Legal Background
Across my time on active duty, I was expected to be knowledgeable of law. Early in my career I was tasked with minor investigations of things that didn’t go well in our nuclear submarines. We called them “Incident Reports” and they were a pain to prepare. To top this off they were read by a Four Star and if he didn't like it, you got it back!
On my way to command I was required to take a course, conducted by Navy JAG Officers (Lawyers), designed to prepare me for serving as an Article 15, Captain’s Mast Hearing officer (equivalent to a Justice of the Peace). The essence of this course was that our Founding Fathers designed the Judiciary to be a barrier between the people and the Government, and that was precisely the role I must prepare for.
In the course of serving as Commanding Officer on two ships, I presided over some 600 or 700 cases of many kinds. Some were truly tough decisions. It took real work in that capacity to step out from the ship and act as that barrier mentioned above. In one case I heard, to do the right thing caused me to consider my career. I still did the right thing.
I also served as a Court Martial Member on two serious cases. Later I was a member of a Show Cause Board. A Commanding Officer at Sea is required to be knowledgeable of the United Nations Convention on the Law of the Sea and any Rules of Engagement appropriate to current operations.
A Commanding Officer must write Standing Orders. These have all the force of law within the ship. I did that across my 5+ years in command, I saw myself writing things only to observe what my people actually did. I learned to write clearly and to rewrite when needed. When things didn’t go well, I learned to first go back and look at what I really wrote not what I thought I wrote.
Along the way of performing Investigations, shortly before retiring I was tasked with leading an investigation into the near Sinking and Abandoning at Sea of the USS Dolphin. This was a major investigation. I was leading a board of three Navy Captains (O-6). Another investigation occurred shortly after leaving command of USS Benjamin Franklin where I was tasked with an investigation with a foreign vessel involved in the English Channel. Thus, I had to be knowledgeable of Admiralty Law.
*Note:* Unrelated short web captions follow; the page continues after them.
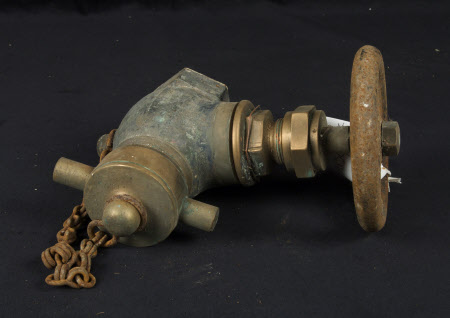 Fire hose valve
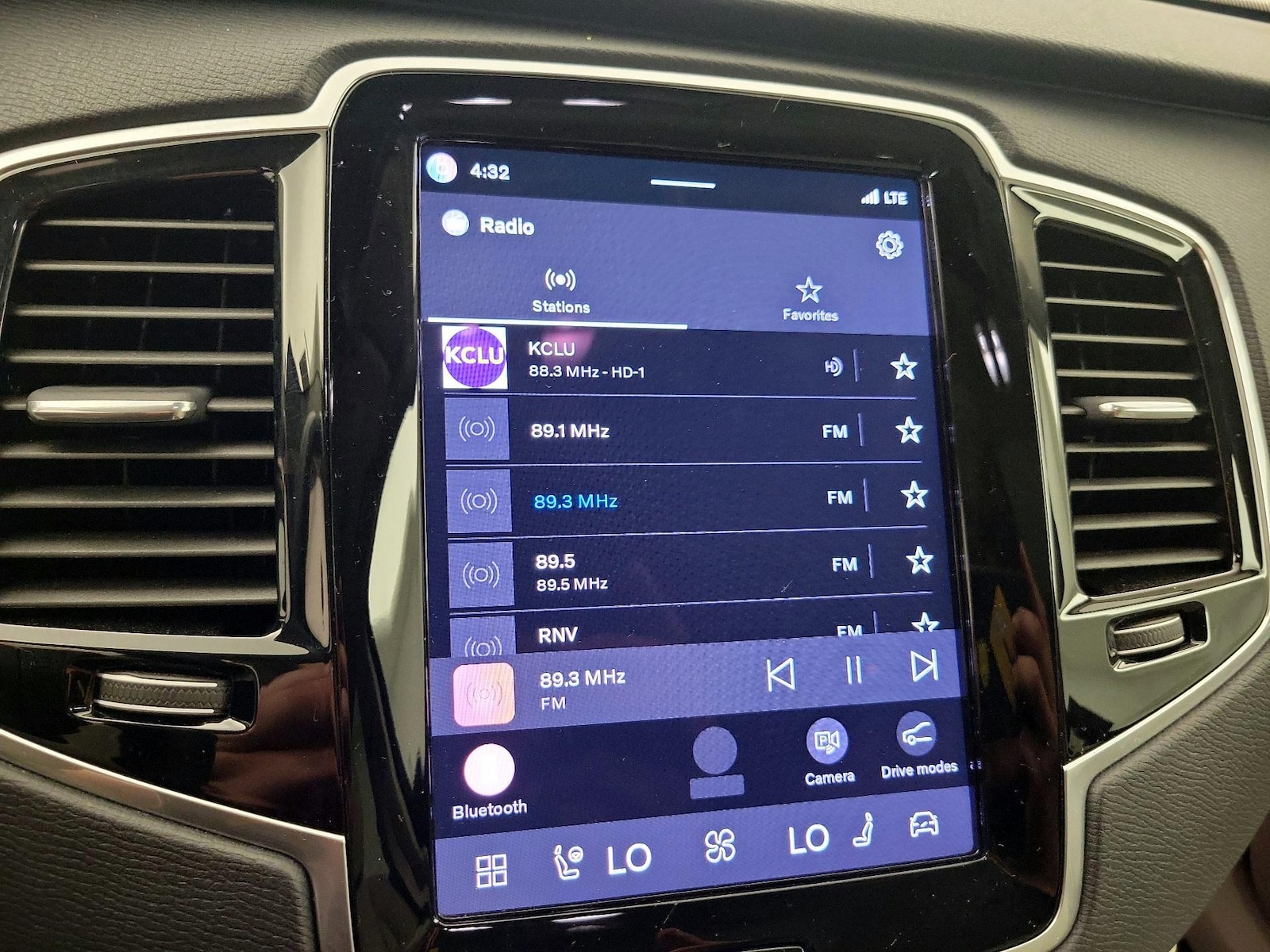2023 Volvo XC90 Plus - Photo 16
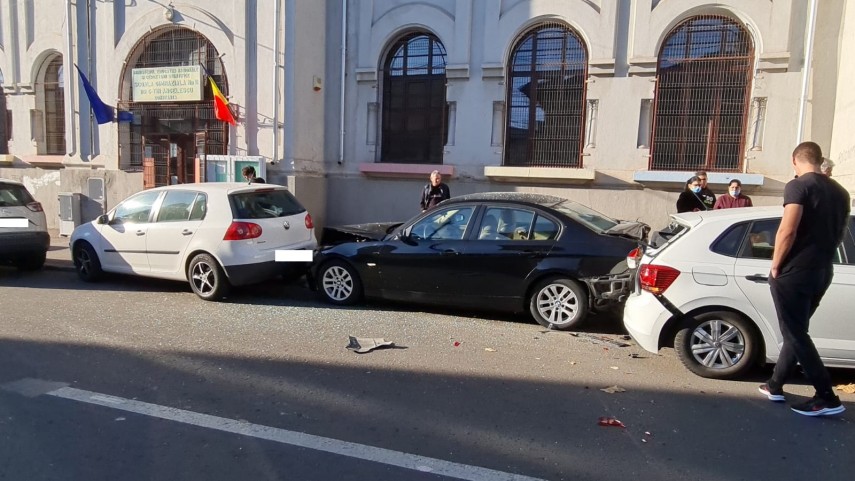 constanta carambol rutier la intersectia strazilor stefan mihaileanu si calarasi o persoana ranita galerie constanta carambol rutier la intersectia strazilor stefan mihaileanu si calarasi o persoana ranita galerie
I find myself seriously concerned regarding the prosecutions currently underway against former President Trump. They, broadly, involve a Bill of Attainder and courtrooms where the judges do not find themselves able to be a barrier between the government and the person as I described I was trained to be above.
Many years ago, while stationed in Charleston, SC, I attended a small church on James Island, SC. There was a family where the husband, who had been a Navy Seal, participated in supporting federal prosecutions against drug traffickers. He had let himself get involved with that using his skills from the navy.
Realizing what he was doing he went to authorities and offered to assist, which they accepted readily. He met his wife after that phase and before authorities completed their actions. At the very end of things, he was then put in front of a judge for his adjudication. The judge found himself bound by law and remarked on that in court. But in the end, sentenced him to the shortest prison time allowed despite his support of the prosecutions. I would expect our judges today to be so bound, but they seem not to be.